Registrar/Deputy Registrar Date:

HOLLIS AND NACEY [2024] NZHC 2759 [24 September 2024]

The application

[1]                 The applicants, Malcolm Grant Hollis and Richard John Nacey (the administrators), apply for orders:

(a)granting permission to proceed on a without notice basis; and

(b)extending the timeframe by which the administrators must convene the watershed meeting for Sustainable Foods Ltd (Administrator Appointed) pursuant to s 239AT(3) of the Companies Act 1993 (the Act) to 22 November 2024.

[2]                 The administrators also seek the following ancillary orders to the order extending the timeframe for a watershed meeting:

(a)that within five working days of the order being granted, the administrators must email a copy of the order to each known creditor’s email address;

(b)granting leave to any creditor or employee to apply to modify the orders made under the application, provided such party gives sufficient written notice of its application to the administrators for modification;

(c)that costs and disbursements of this application be paid out of assets of the company; and

(d)that the administrators are granted leave to apply for further orders if required.

Relevant background

[3]                 The background to this application is set out in the affidavit of Mr Hollis supporting the application. He explains that on 23 August 2024 he and Mr Nacey were appointed as administrators of Sustainable Foods Ltd (the company) by the Board of Directors of the company.

[4]                 The company produces plant-based meat alternatives using sustainably sourced New Zealand grown ingredients. It supplies its products to major supermarkets and other well-known retailers and food services.

[5]                 The appointment of the administrators was made by the Board noting various adverse changes to the sales the company was able to make and increasing debt building up within trade creditors. The Board therefore appointed the administrators with a view to deciding whether the company could be sold on a going concern basis, whether there should be a deed of company arrangement (DOCA) executed and if so, what terms that should be on, or whether the company should be placed into liquidation.

[6]                 The administrators note that at the date of the affidavit being sworn, orders continue to be placed by customers of the company and the administrators are confident that during any extended convening period the company is able to pay its suppliers, its ongoing trading debts, and continue to make products sufficient to meet the orders.
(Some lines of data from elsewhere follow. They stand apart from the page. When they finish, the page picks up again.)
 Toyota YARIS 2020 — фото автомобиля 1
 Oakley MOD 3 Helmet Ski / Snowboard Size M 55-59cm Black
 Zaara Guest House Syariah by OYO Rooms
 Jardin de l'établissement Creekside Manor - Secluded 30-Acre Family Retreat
The administrators say that, based on the information they have as to costs of the business and revenue stream, they are confident that allowing the company to continue to trade while they complete their investigations is in the best interests of creditors and will not cause a deterioration of the current financial position of the company.

[7]                 The application to extend the timeframe for convening a watershed meeting is made because it will allow the administrators to have “sufficient time to assess whether the company can be sold as a going concern, which we believe is in the interests of the creditors, and for us to put the company to the market.” They say that, as the company is able to meet its debts during the extended period, any extension would have minimal effect on creditors.
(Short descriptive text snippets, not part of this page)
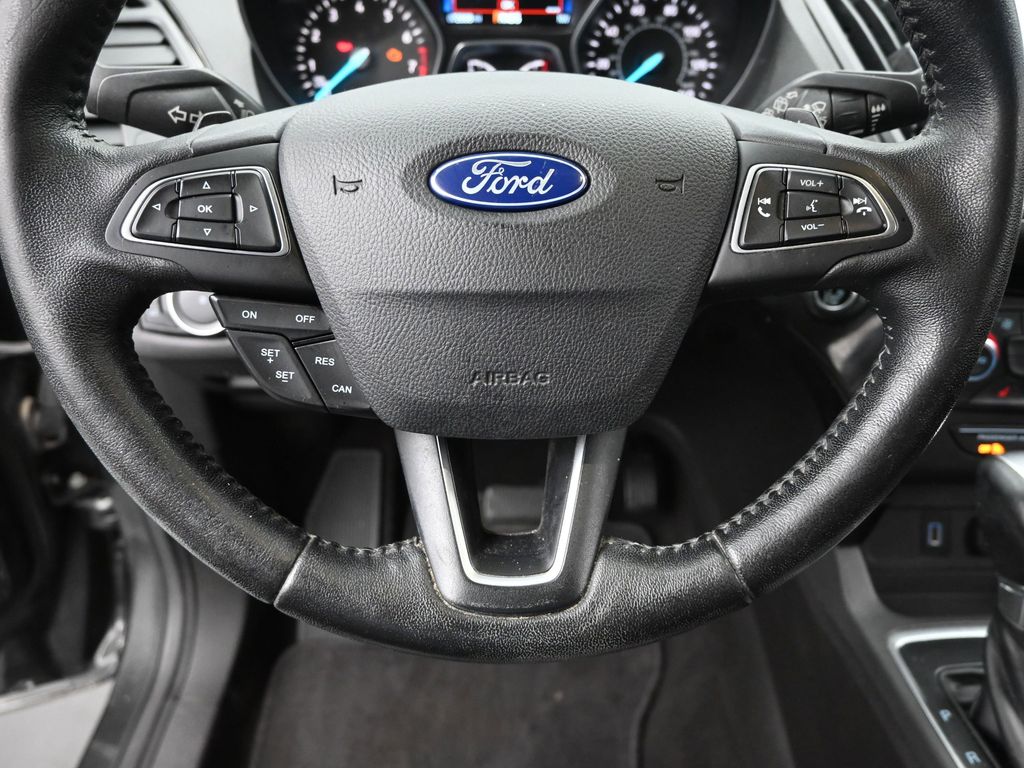 2017 Ford Escape Titanium photo 12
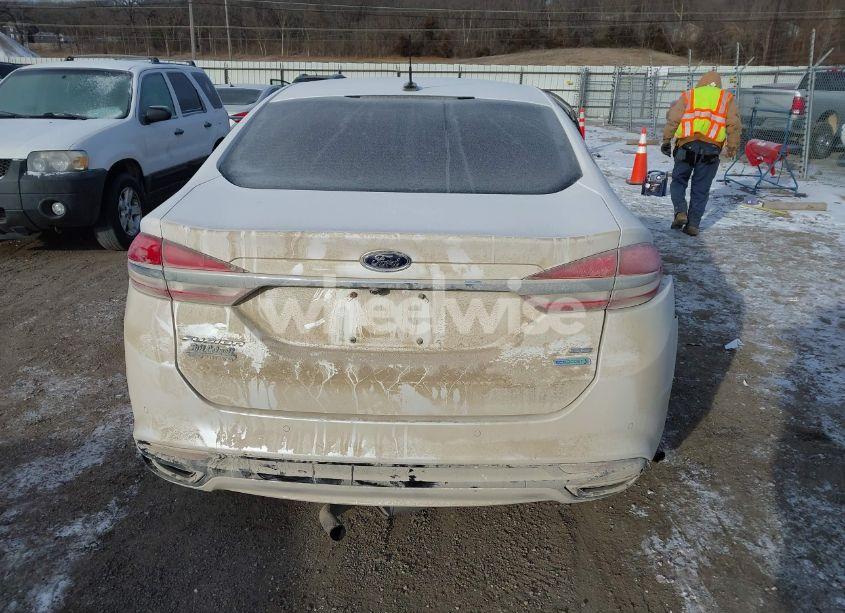 Photo 16 of 2017 Ford Fusion SE (VIN 3FA6P0H96HR247291)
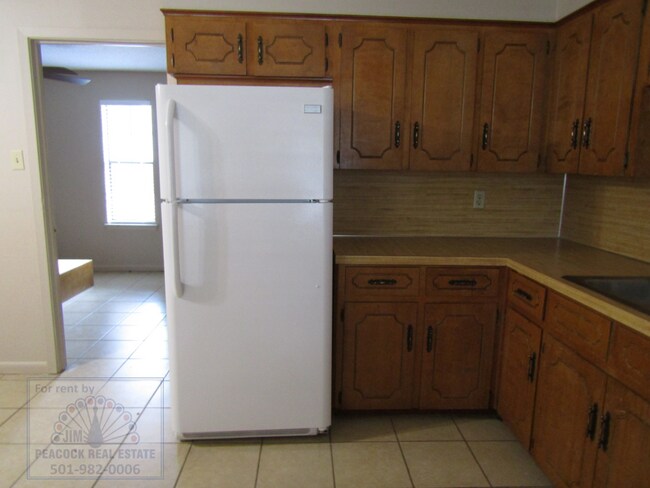 Building Photo - 1100 S James St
Statutory and legal framework

[8]                 The applicants were appointed administrators of the company pursuant to the provisions of the Act. Under s 239AE, the administrators are charged with:

(a)investigating the company’s business, property, affairs and financial circumstances; and

(b)forming an opinion on whether it would be in the creditor’s interests for the company to execute a deed of company arrangement, or for the administration to end, or for a liquidator to be appointed.

[9]                 Under s 239AT, the administrator is statutorily obliged to convene a watershed meeting within a period of 20 working days after the date on which the administrator is appointed.1 However, the Court may, on the administrator’s application, extend the convening period.2 Notice of the watershed meeting must  be given not  less than  five working days before the meeting.3 At that meeting, the administrator is required to provide a report about the company’s business, property, affairs and financial circumstances and to provide an opinion about the three options described above.4 If a DOCA is proposed, they must also provide a statement setting out the details of the proposed deed.
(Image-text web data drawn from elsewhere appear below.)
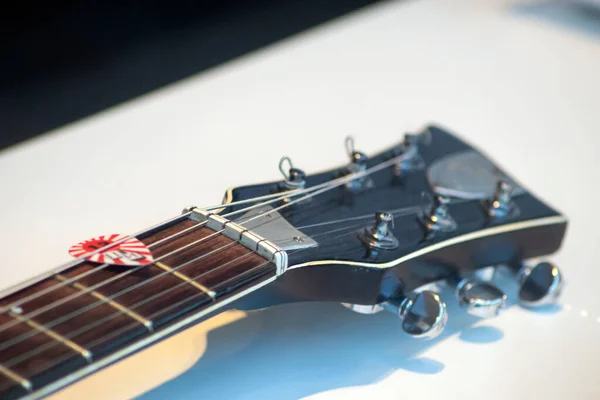 Gitarre Als Nahaufnahme Repräsentiert Rockband Gitarren Sound Elektrifizierte Soundsysteme Hard — Stockfoto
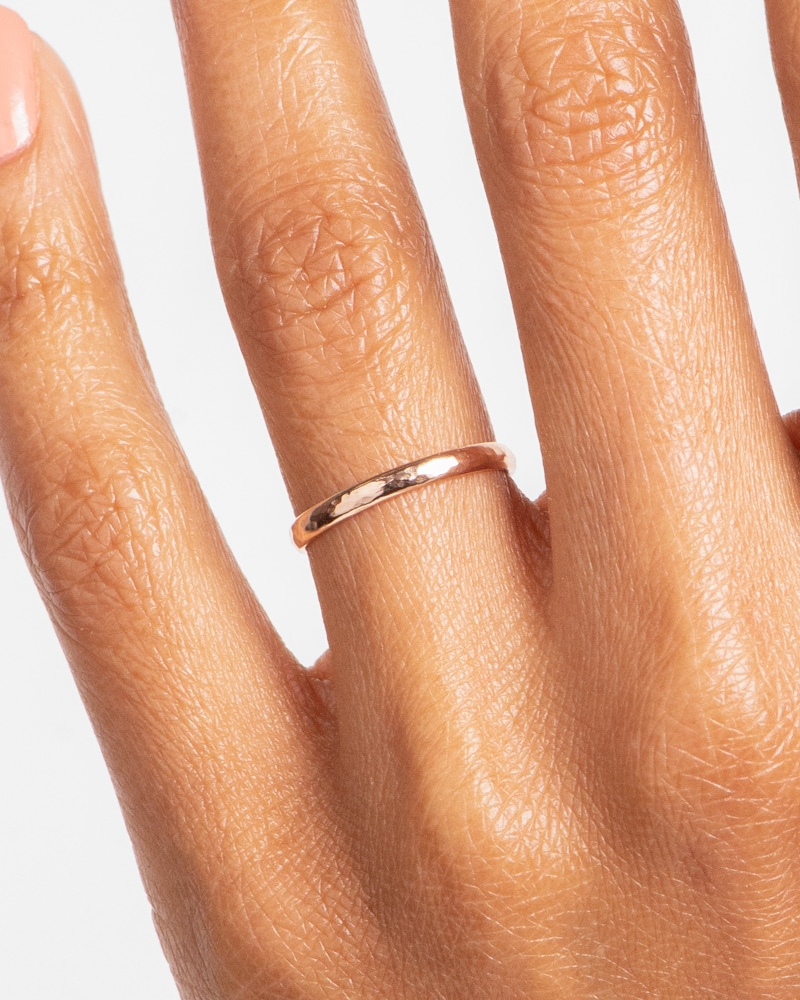 Milla Round Hammered Narrow Band 2mm_WEB2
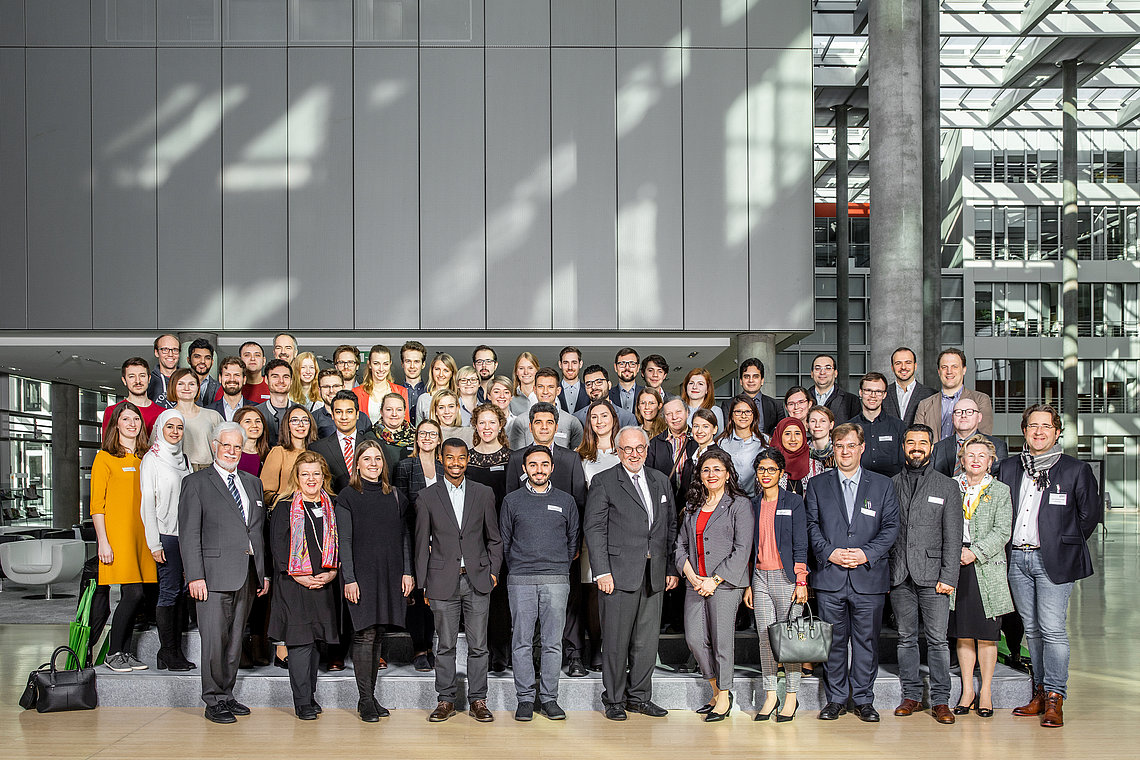 gruppenbild-begruessung-02.2020.jpg Gruppenbild der neuer Kammermitglieder bei der Ärztekammer Nordrhein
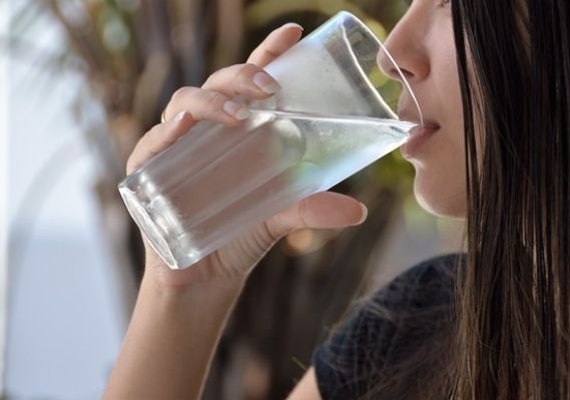 Nutricionista alerta para a importância do consumo diário de 2 a 3 litros de água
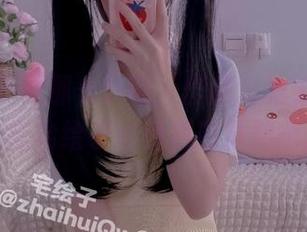 原图要不要那么软萌，作品里的奶牛和二阶堂宅绘子好像很有默契啊。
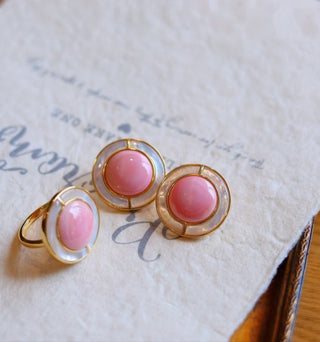 Chic Round Earrings with White Mother-of-Pearl and Pink Lip Shell - AROSÈ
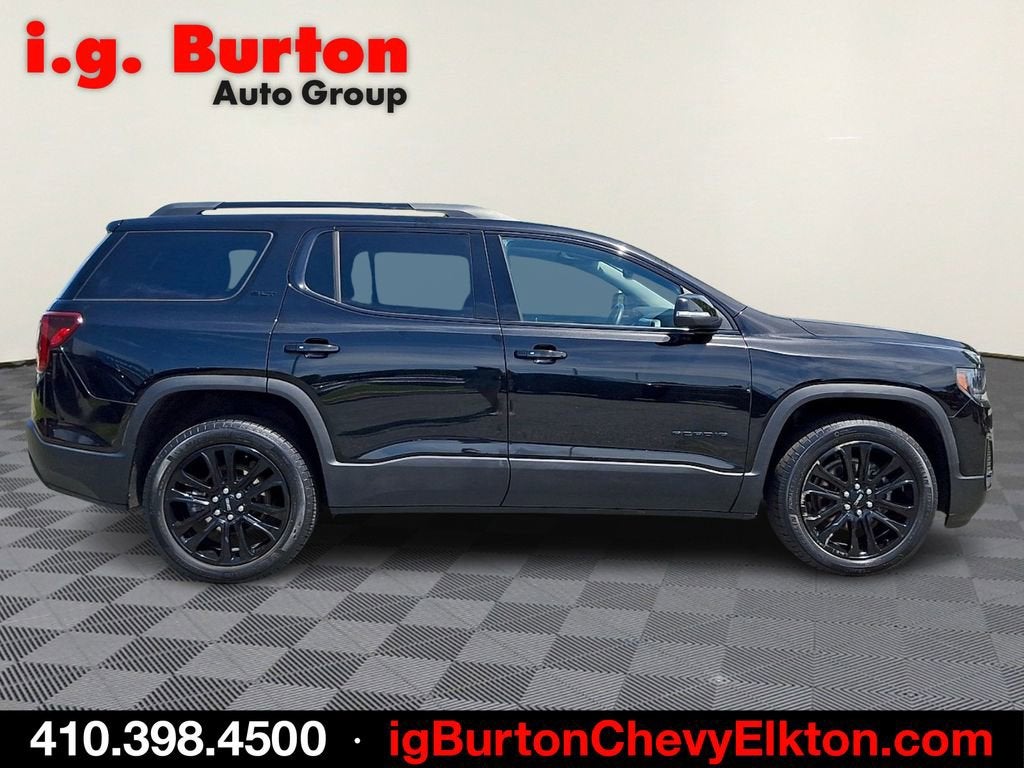 2023 GMC Acadia SLT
[10]            As the administrators point out in the accompanying memorandum of counsel, there are a number of cases in New Zealand where an extension of the watershed meeting has been allowed. However, as Heath J stated in Re Nylex (New Zealand)

Ltd:5

[A]n application to extend time requires a balance to be struck between the expectation that an administration will be relatively speedy and the need to ensure that undue haste does not prejudice sensible and constructive actions directed towards the object of the regime, namely maximising returns for creditors.

[11]            In the present case, the applicants say that the responsible course of action is to seek the extension now, rather than go to a watershed meeting without having had a chance to fully consider the best outcome for the creditors, meaning that they would inevitably have to adjourn the watershed meeting for 30 working days as allowed by s 239AZ.


1      Companies Act 1993, s 239AT(2).

2      Section 239AT(3).

3      Section 239AU(2).

4      Section 239AU(3).

5      Re Nylex (New Zealand) Ltd HC Auckland CIV-2009-404-1217, 11 March 2009 at [22].

[12]            Having read the application, the supporting affidavit, and the accompanying memorandum of counsel, I am satisfied that the extension of time which is sought (being a further 45 working days from the end of the original convening period) is appropriate. In particular, I accept that this timeframe will allow the administrators to complete a reconciliation of financial records and consider whether the business should be sold on a going concern basis. It will also allow the administrators to assess the best outcome for creditors of the company, including whether a DOCA should be entered into, and on what terms.

[13]            Importantly, I am satisfied the extension will not prejudice creditors as trade creditors, employees and the landlord will continue to be paid by the administrators throughout the extension period and the extension is likely to result in a better return to creditors than if the company was to be placed into liquidation.

[14]            In terms of the application to proceed on a without notice basis, I accept that requiring the application to proceed on notice would cause undue delay. In this case, there are 85 creditors, including employees, and service on all employees and creditors will also involve significant expense. I am satisfied that the affected parties are appropriately protected by the fact they will be entitled to apply to vary any order that the Court makes.

[15]            Accordingly, the orders are granted on the terms sought, as set out at 1.1–1.6 of the originating application.